“Jason didn’t want me to bury it, just so you know. He wasn’t that kind of guy. It was me who buried it. All me. Now, looking back, I’m wondering if it would have surfaced. I’m wondering if he worried about it. I’m wondering if we might have—”

“Stop that, babe,” Shy commanded quietly and I blinked.

“Pardon?”

“Way you say it, you were into that guy and he was into you. Don’t ask questions that will never have answers. You’ll drive yourself crazy with that shit. Just remember you were into him, he was into you, it was all good, and don’t fuck up good memories with questions that have no answers and never will.”

He was right. Totally.

My head tipped to the side and I felt my eyes go soft when I asked, “How’d you get so wise?”

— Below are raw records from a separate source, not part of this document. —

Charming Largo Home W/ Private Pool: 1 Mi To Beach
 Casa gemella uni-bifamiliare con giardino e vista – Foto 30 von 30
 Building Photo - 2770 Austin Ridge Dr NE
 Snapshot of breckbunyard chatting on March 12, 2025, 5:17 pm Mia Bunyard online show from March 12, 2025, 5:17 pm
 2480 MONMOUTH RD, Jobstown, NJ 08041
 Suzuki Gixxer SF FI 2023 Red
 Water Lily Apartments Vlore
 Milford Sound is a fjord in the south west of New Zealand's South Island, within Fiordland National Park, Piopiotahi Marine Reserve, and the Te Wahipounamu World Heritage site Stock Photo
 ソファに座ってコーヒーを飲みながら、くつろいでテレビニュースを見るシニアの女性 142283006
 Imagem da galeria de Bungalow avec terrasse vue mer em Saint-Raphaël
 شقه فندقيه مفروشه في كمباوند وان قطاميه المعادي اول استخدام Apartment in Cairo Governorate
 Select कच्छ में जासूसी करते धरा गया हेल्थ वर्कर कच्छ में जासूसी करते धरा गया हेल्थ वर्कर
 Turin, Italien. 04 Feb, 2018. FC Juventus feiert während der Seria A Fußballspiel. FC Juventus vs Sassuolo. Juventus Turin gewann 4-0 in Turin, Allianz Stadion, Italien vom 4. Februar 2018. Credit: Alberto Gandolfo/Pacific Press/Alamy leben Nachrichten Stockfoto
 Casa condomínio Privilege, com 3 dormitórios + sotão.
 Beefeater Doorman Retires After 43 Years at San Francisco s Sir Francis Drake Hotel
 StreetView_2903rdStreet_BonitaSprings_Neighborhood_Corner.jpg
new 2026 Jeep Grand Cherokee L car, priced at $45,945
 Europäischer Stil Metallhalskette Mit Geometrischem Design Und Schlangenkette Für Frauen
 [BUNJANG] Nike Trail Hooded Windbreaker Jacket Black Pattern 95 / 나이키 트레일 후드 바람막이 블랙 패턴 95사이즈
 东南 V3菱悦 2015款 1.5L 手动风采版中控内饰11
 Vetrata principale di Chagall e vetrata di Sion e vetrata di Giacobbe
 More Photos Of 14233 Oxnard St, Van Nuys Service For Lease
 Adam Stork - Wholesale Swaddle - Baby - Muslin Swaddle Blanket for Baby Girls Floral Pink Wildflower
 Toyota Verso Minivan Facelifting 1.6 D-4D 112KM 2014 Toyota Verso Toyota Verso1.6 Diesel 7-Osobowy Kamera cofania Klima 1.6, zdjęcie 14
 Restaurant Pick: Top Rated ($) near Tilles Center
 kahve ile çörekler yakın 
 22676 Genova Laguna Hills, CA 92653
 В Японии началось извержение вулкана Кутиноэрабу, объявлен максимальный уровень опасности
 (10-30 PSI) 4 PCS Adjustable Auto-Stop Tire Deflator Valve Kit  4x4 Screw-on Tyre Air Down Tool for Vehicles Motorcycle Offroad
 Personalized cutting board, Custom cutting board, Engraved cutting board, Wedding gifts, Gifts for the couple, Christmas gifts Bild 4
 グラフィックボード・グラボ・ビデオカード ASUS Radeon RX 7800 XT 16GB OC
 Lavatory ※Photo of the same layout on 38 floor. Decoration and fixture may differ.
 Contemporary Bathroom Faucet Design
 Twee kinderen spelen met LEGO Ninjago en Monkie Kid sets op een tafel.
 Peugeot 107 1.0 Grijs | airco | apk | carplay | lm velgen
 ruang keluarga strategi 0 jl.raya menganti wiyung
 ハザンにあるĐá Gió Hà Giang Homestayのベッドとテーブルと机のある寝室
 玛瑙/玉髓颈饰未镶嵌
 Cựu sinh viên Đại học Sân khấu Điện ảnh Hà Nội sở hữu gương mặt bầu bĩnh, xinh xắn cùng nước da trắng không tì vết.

“Had a good teacher,” he answered.

“Your dad before he died?”

“My dad before he died and your dad when I found him.”

I sucked in a sharp breath.

It was not lost on me that Shy liked my dad, he respected him, and I loved that because that was how I felt about my dad. Obviously more, since he was my dad, but I still loved it that Shy felt the same.

Yes, I totally could love this guy.

“You’re done rantin’ and got nothin’ to do but sit there and stare at me,” Shy began, “haul your ass off that stool, come around and help me with the fries.”

I was done ranting and it would probably burn out my retinas if I stared at him too long, so I grinned at him, hauled my ass off the stool, rounded the bar, and helped him with the fries.

* * *

“Sugar, you awake?”

I opened my eyes and blinked at the blank TV.

I didn’t know what time it was but it felt late. What I did know was that I’d fallen asleep with my head on Shy’s chest, my legs curled behind me on the couch, my arm resting over his abs, his arm around me.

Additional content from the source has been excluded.